I’d like to take a moment to write a lot about the second task and the sheer production value that practical effects have that CGI simply can’t replicate. CGI produces a sort of ‘uncanny valley’ effect that makes the audience feel that something is off, a sense of unease, and that reality is not ‘real’. CGI can’t replicate the minor muscle movements that humans and animals have, due to their complexity. It struggles to capture the flow of hair and fabric- there’s a reason that the Muppets always have one moving flowing part to their design, so that they seem more alive! In fact, I think why puppets work so well over machines is that at their core, they are human operated and connected to a living breathing thing in a way that computers will never be able to. CGI, until now with Avatar: The Way of Water, has consistently struggled to animate anything with water- it’s why when you see real slime in The Thing (1982), it feels real, and gross, and icky; and when you see CGI slime in The Thing (2011), it just feels dry, rubbery and wrong. The second task has Doug Jones again, not as the faun but as as the Pale Man, a child-eating monster that lives within the labyrinth. And Ofelia isn’t in some green screen room, either- that’s a FULL SET, which is something we don’t see often nowadays. Because it’s all tangible, and real, and not uncanny, it’s TERRIFYING when Ofelia eats the grape and the Pale Man wakes up. Beyond scary. He ripped into those fairies like they were tasty little chicken nuggets… I think I threw up my McDonald’s for real that time. Doug Jones’ performance deserved every award it didn’t get. But you have to take that with a grain of salt, because I think Doug Jones is a fantastic actor.

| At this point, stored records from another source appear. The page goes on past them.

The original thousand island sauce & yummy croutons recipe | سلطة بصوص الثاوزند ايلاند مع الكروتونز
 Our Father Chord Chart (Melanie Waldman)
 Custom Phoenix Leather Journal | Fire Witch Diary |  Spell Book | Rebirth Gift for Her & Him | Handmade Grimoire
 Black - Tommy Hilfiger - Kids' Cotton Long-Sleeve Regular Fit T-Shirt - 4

As far as the rest of the plot goes, the rebels are discovered, Ofelia’s mandrake root and labyrinth are discovered, she is shot and refuses to spill the blood of an innocent for the third task, and plot twist! She's the ‘innocent’- it was a test. Ofelia rejoins her father and mother and takes her place as a ruler of the underworld.
Pan’s Labyrinth was an unexpected but wonderfully made movie, and I really enjoyed getting to experience it for the first time (even though my stomach did not). The design and practical effects were stunning and made the film a masterpiece. I think that this film was my favorite out of all of the movies that I watched this semester.